Available data:
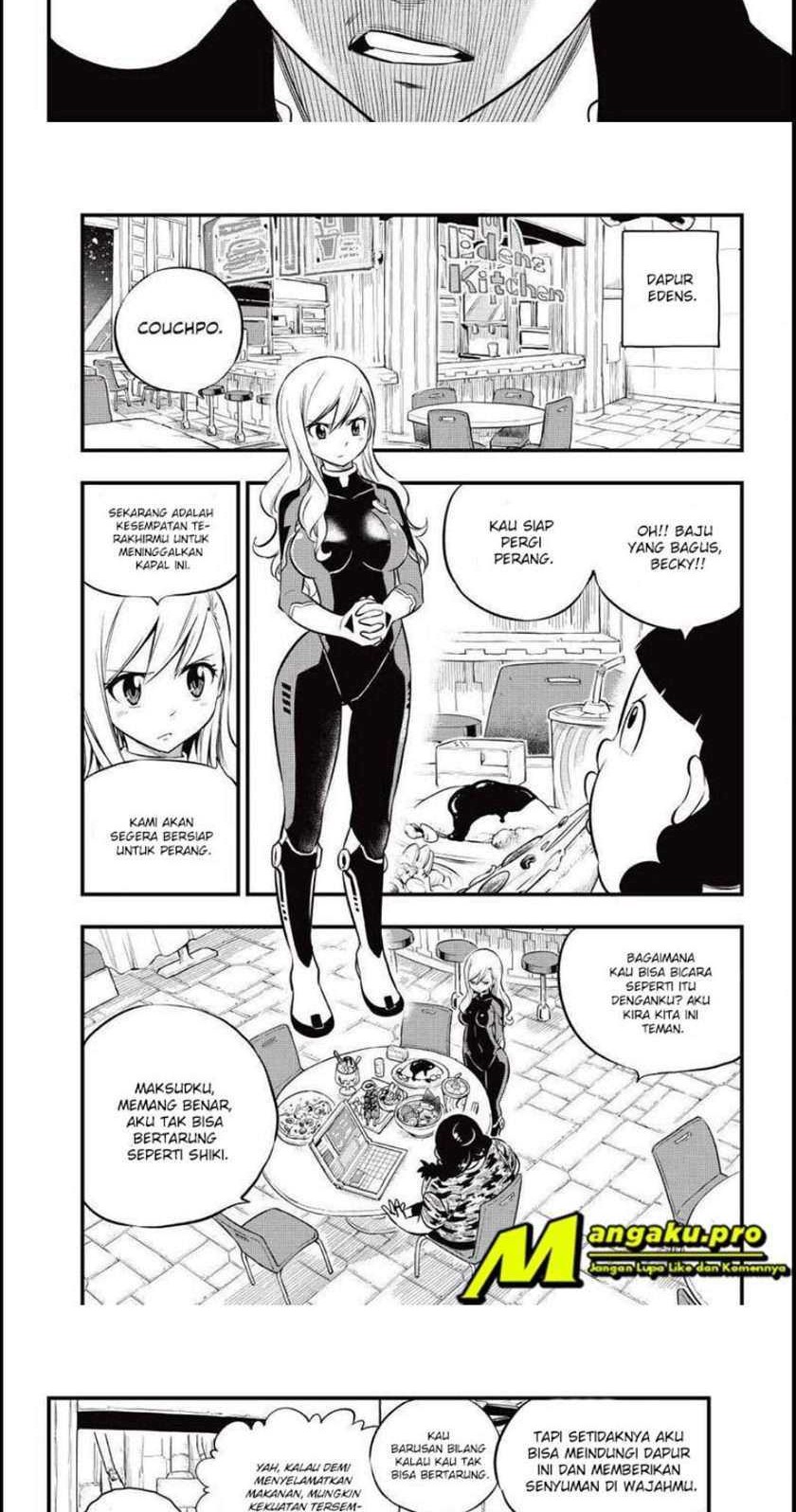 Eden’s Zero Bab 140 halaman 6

---

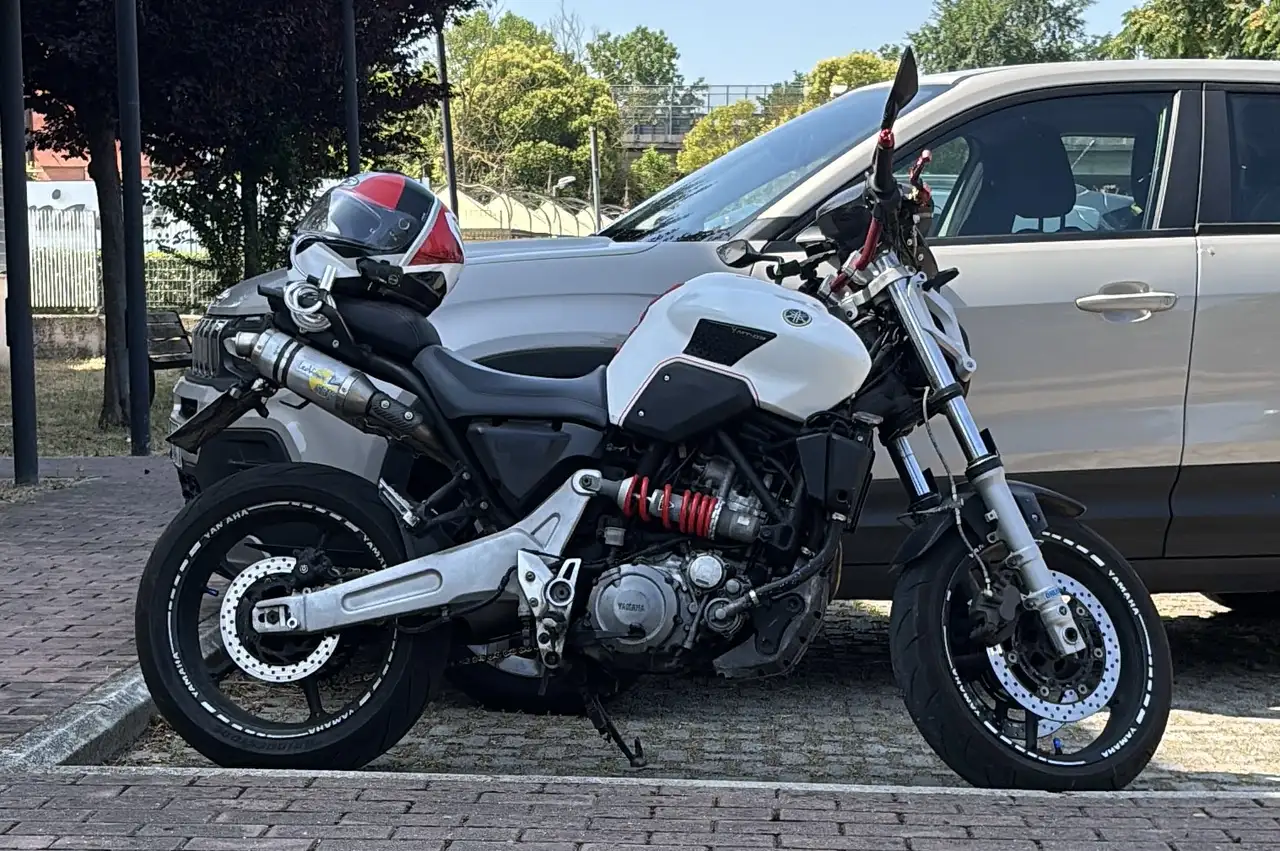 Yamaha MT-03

...

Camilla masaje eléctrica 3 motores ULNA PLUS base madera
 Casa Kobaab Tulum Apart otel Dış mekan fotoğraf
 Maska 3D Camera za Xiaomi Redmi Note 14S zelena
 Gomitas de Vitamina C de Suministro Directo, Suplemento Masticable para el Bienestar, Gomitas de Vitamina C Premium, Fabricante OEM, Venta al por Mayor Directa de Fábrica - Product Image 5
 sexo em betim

Exercise brief: Take the lines above from the one containing "Camilla masaje eléctrica" to the one containing "sexo em betim" and retype them exactly, both ends included, with nothing added.

Response to this exercise:
Camilla masaje eléctrica 3 motores ULNA PLUS base madera
 Casa Kobaab Tulum Apart otel Dış mekan fotoğraf
 Maska 3D Camera za Xiaomi Redmi Note 14S zelena
 Gomitas de Vitamina C de Suministro Directo, Suplemento Masticable para el Bienestar, Gomitas de Vitamina C Premium, Fabricante OEM, Venta al por Mayor Directa de Fábrica - Product Image 5
 sexo em betim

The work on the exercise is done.